Atlanta-based hard-rock outfit Moonlust will take the stage at Boggs Social & Supply on Sunday with Sasquatch, Hippie Death Cult and Buzzards of Fuzz for a night of heavy music and wild abandon. The show is part of a recent flurry of activity for the band that has seen their local star on the rise. But for Moonlust bassist Jenny Mac, the show is part of a slow and steady healing process in the face of a tragedy that shook not only her own life but the music world as a whole.

On May 11, Michigan-based death metal band The Black Dahlia Murder announced that lead vocalist Trevor Strnad — who had recently moved to Atlanta — had passed away. The band’s official statement indicated that the death was the result of suicide.

The news was devastating for millions of heavy-metal enthusiasts the world over. For fans, Strnad was a god among men: the thundering growl that ruptured eardrums with dark tales of apocalyptic horror and visceral catharsis. For 21 years, he led his band on an upward trajectory with a series of albums that garnered critical acclaim and levels of commercial success often believed impossible for extreme metal acts: 2011’s Ritual, 2013’s Everblack, and 2017’s Nightbringers all placed in the Billboard Top 40, securing the band’s position as titans of the music world.

But for Mac, Strnad was much more: he was a lover, a partner, and, above all, a friend.

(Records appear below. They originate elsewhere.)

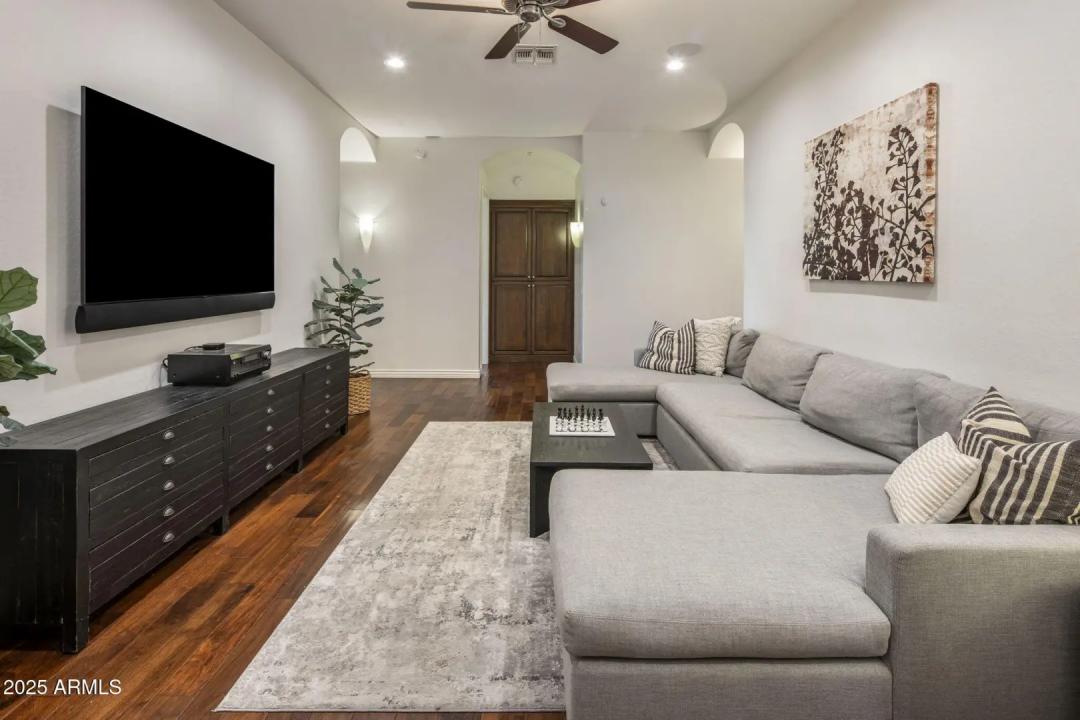 Real Estate Picture 21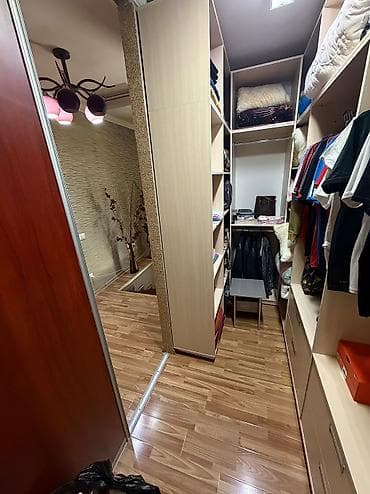 сдаю каые: 200 м², 4 комнаты, Семейным — 4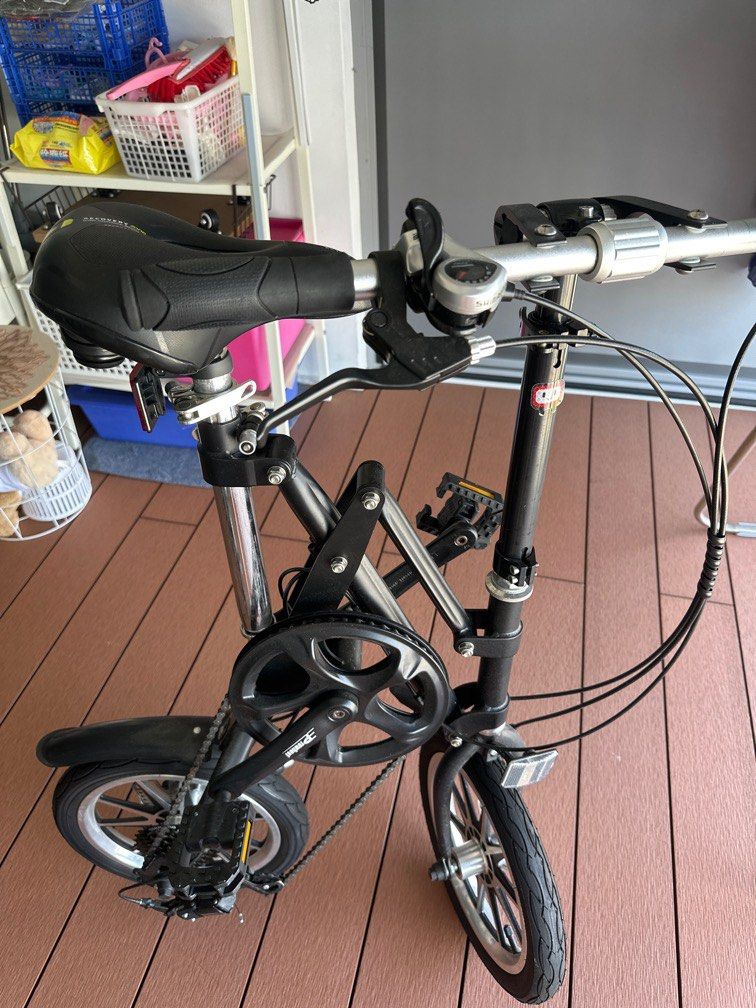 One Sec Foldable Bicycle “14 (Category: Bicycles) located in Singapore. Submitted by ling_bbt (Listing ID 1378968953, Image 1). Description: 2nd Hand.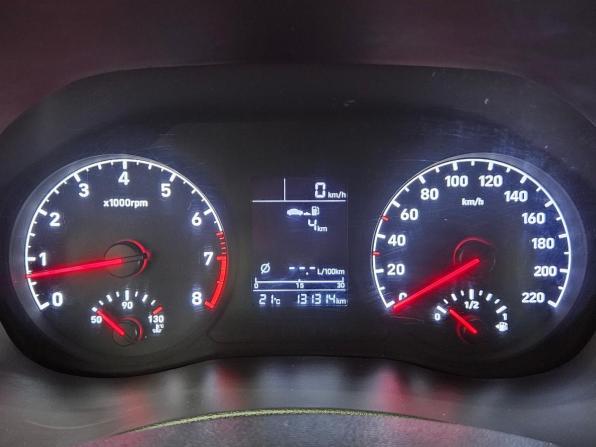 Hyundai Solaris II с пробегом 2017 года, цена 1 050 000 рублей, 131298 км, седан, Автокод Объявления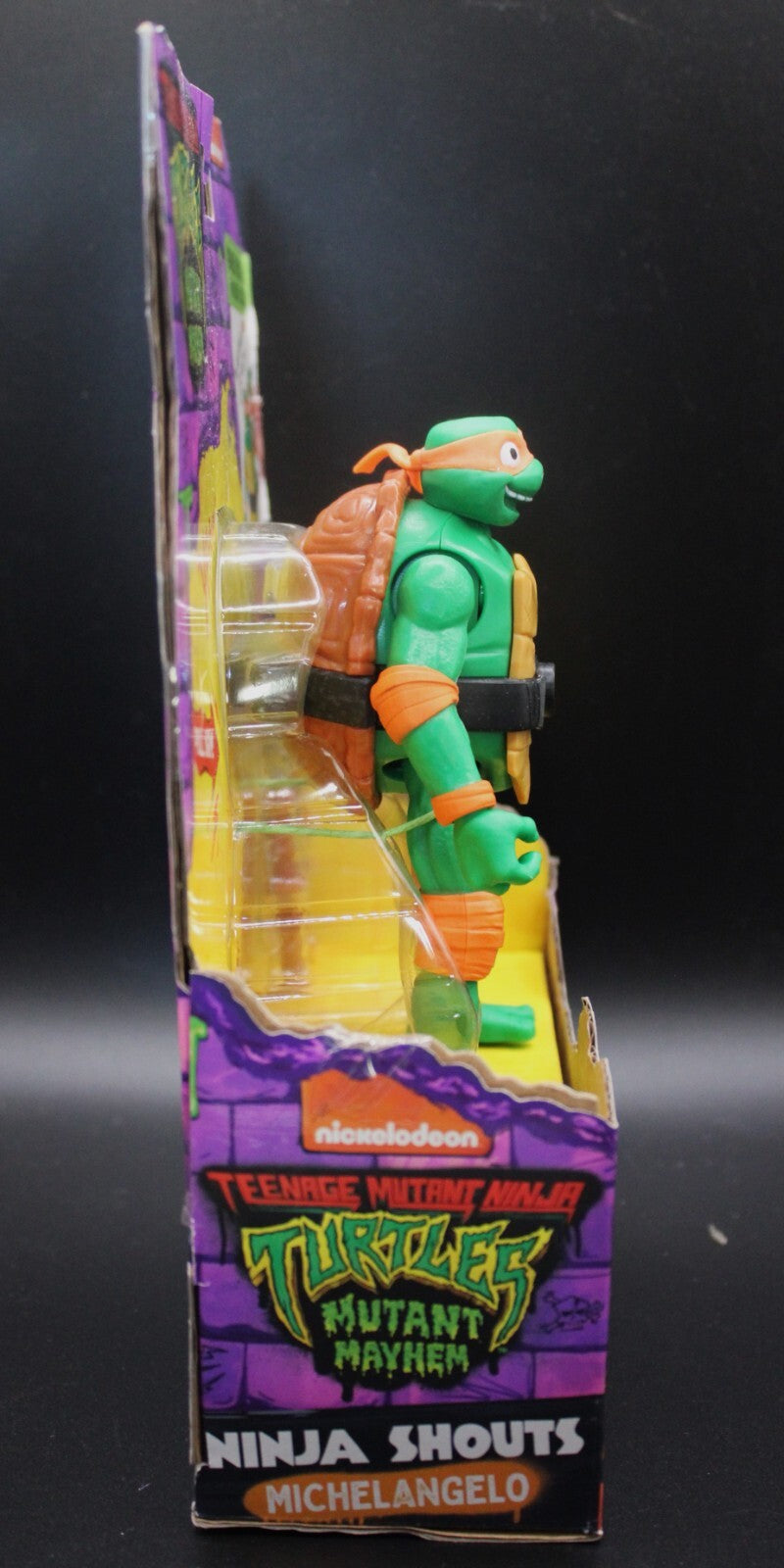 Teenage Mutant Ninja Turtles Mutant Mayhem Michelangelo Shouts Action Figure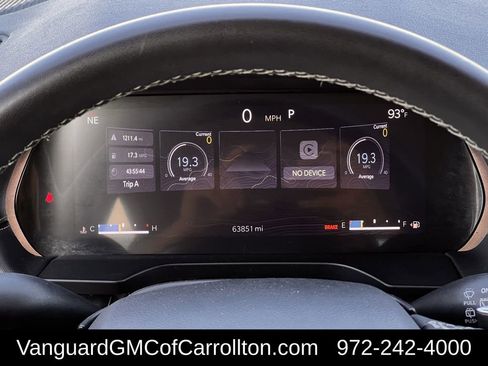 Used 2023 Jeep Grand Cherokee L Laredo image 16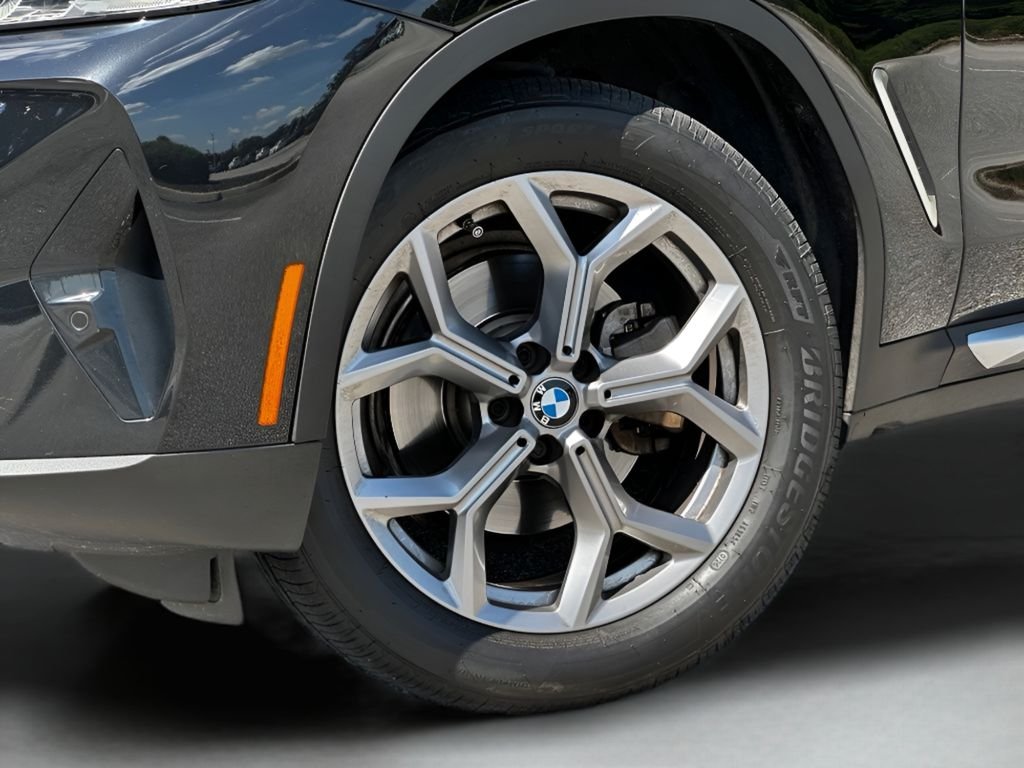 Used 2022 Black Sapphire Metallic BMW sDrive30i image 25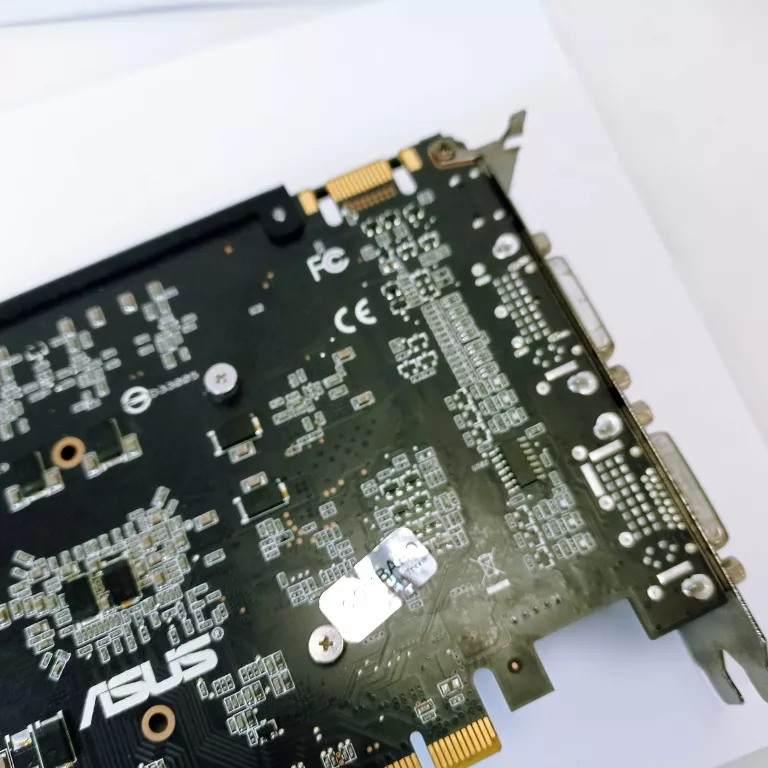 ASUS GTX 560 DIRECTCU II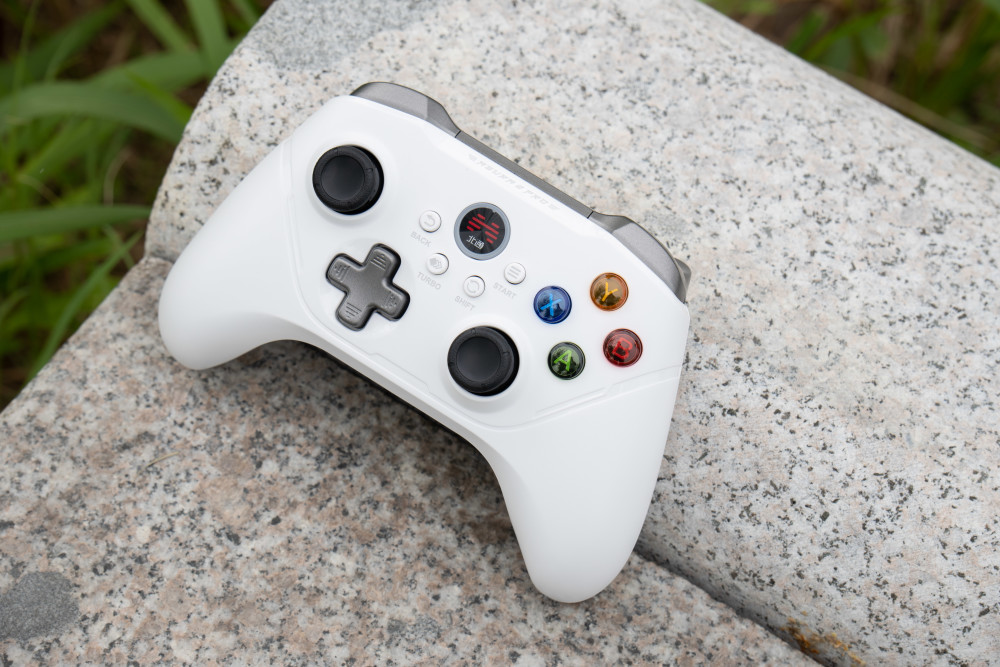 外设加持玩转游戏北通游戏手柄2pro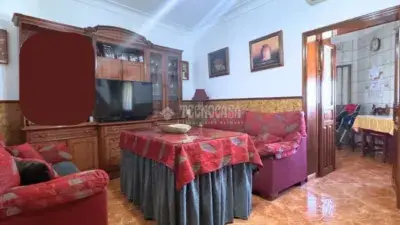 Casa unifamiliar en venta en Calle del Ebro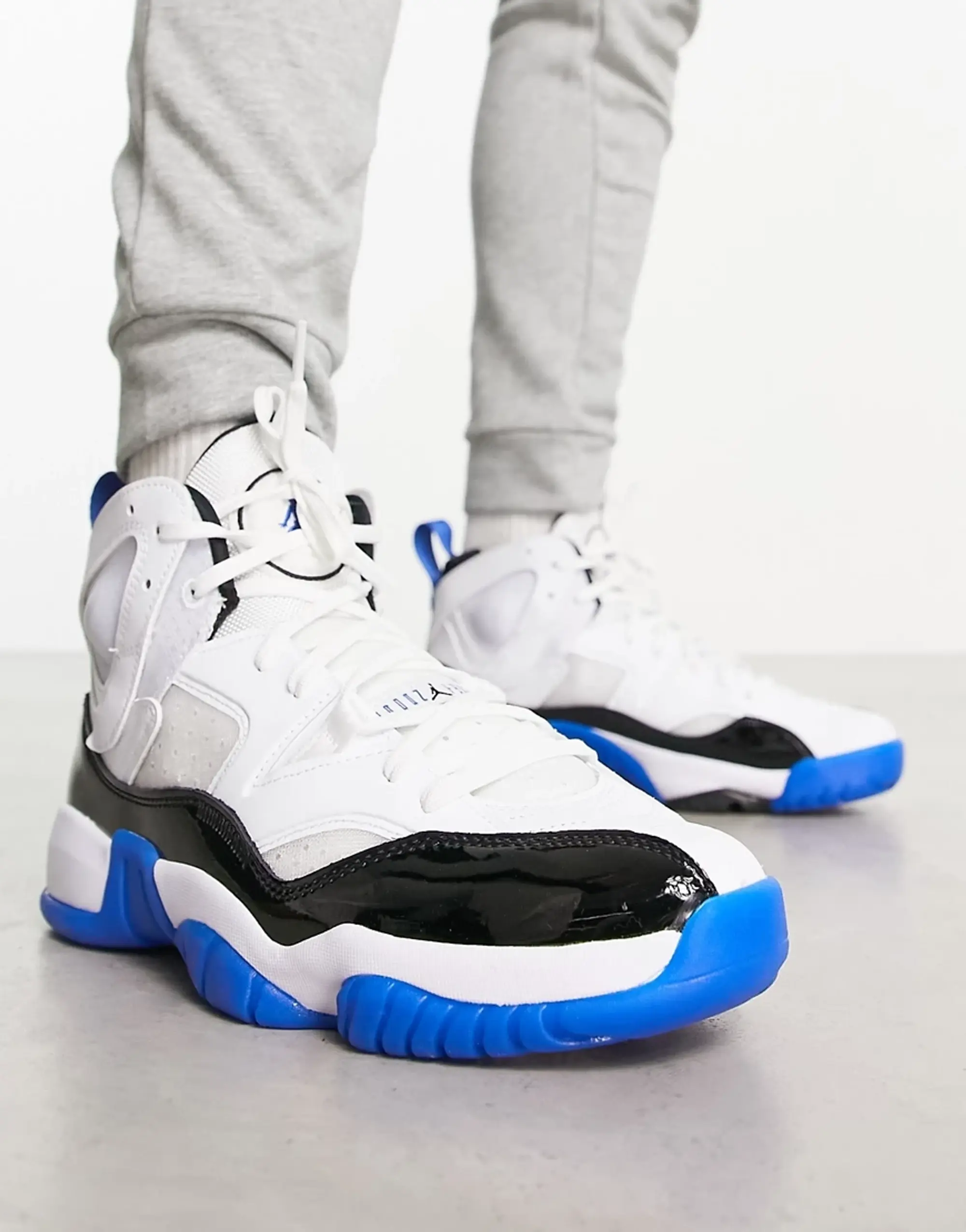 Nike Jordan Nike Air Jordan Two Trey Mens Basketball White Trainers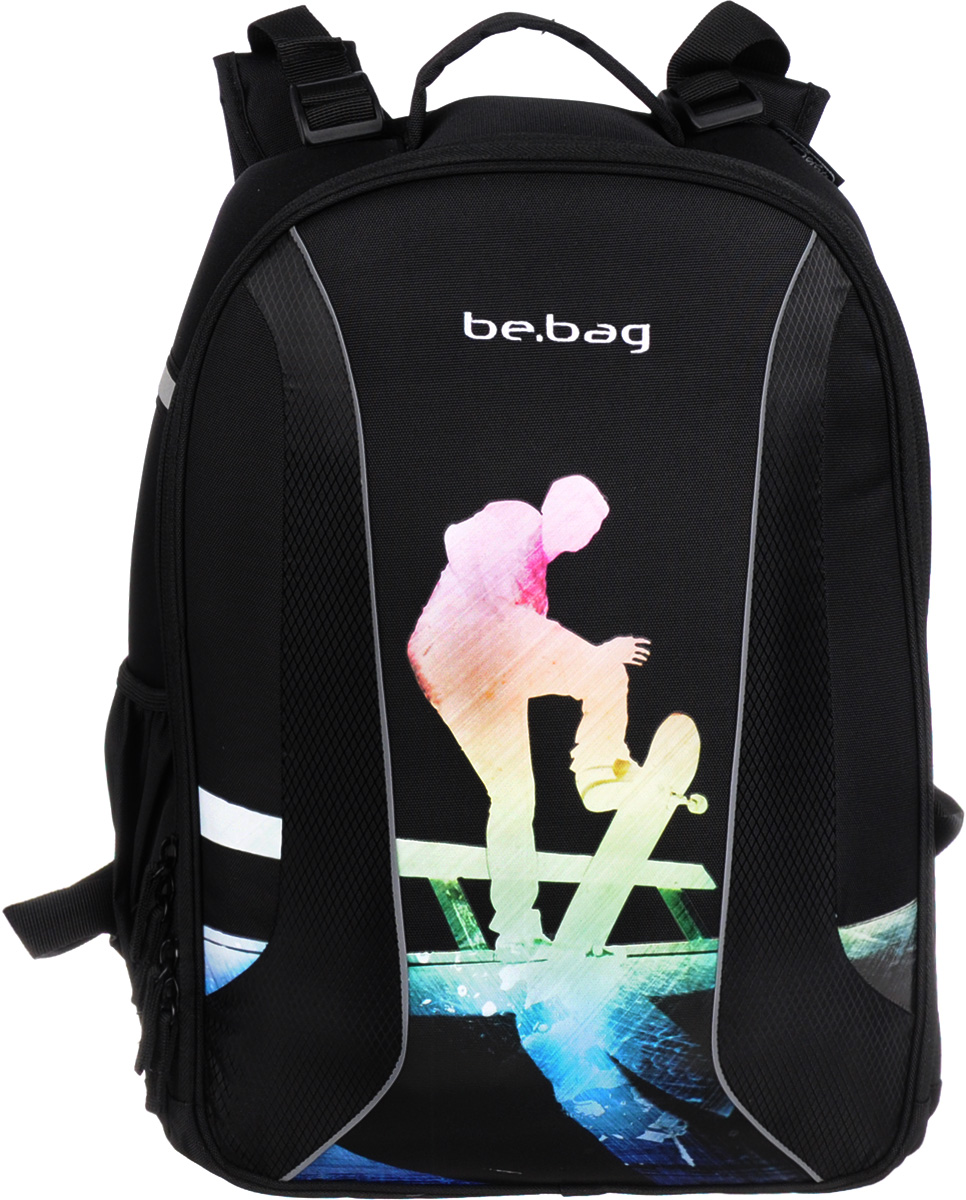 Herlitz Ранец школьный Be Bag Airgo Halfpipe72523WD Herlitz Ранец школьный Be Bag Airgo Halfpipe72523WDШкольный ранец Herlitz Be.Bag Airgo Halfpipe имеет жесткую конструкцию. Каркас не деформируется при нагрузке и распределяет вес по всей площади ранца.Ранец содержит два вместительных отделения, закрывающихся на застежки-молнии с двумя бегунками. В большом отделении находится мягкая перегородка для тетрадей или учебников, фиксирующаяся хлястиком на липучке. Во втором отделении расположены карман-сетка, органайзер для канцелярских принадлежностей, кармашек под мобильный телефон и пластиковый карабин для ключей. Изделие имеет два открытых боковых кармана на резинке.Ранец оснащен регулируемыми по длине и высоте плечевыми лямками и дополнен текстильной ручкой для переноски в руке. Лямки дополнены грудным креплением для лучшей фиксации на плечах ребенка. Прочное дно с пластиковыми ножками придает ранцу хорошую устойчивость и обеспечивает защиту от загрязнений. Светоотражающие элементы обеспечивают безопасность в темное время суток.Многофункциональный школьный ранец станет незаменимым спутником вашего ребенка в походах за знаниями.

Theirs was a relationship that began in fandom before graduating into friendship and eventually blossoming into love. At the time of his passing, they had just declared their engagement to one another but had not yet made the news public.

Trevor Strnad
Mac says that Strnad (center) felt pressure to live up to the persona that he built on stage with The Black Dahlia Murder.

Mac had been a fan of The Black Dahlia Murder after listening to the album Miasma at age 15, falling in love with the band’s intense music and Strnad’s metal-god aura. “I was so enraptured by him and his stage persona,” she says. “He looked like he came alive on stage. It looked like he was having the time of his life. I loved the way he would conduct the crowd — people called it ‘casting spells’ — the stuff he was doing with his hands.”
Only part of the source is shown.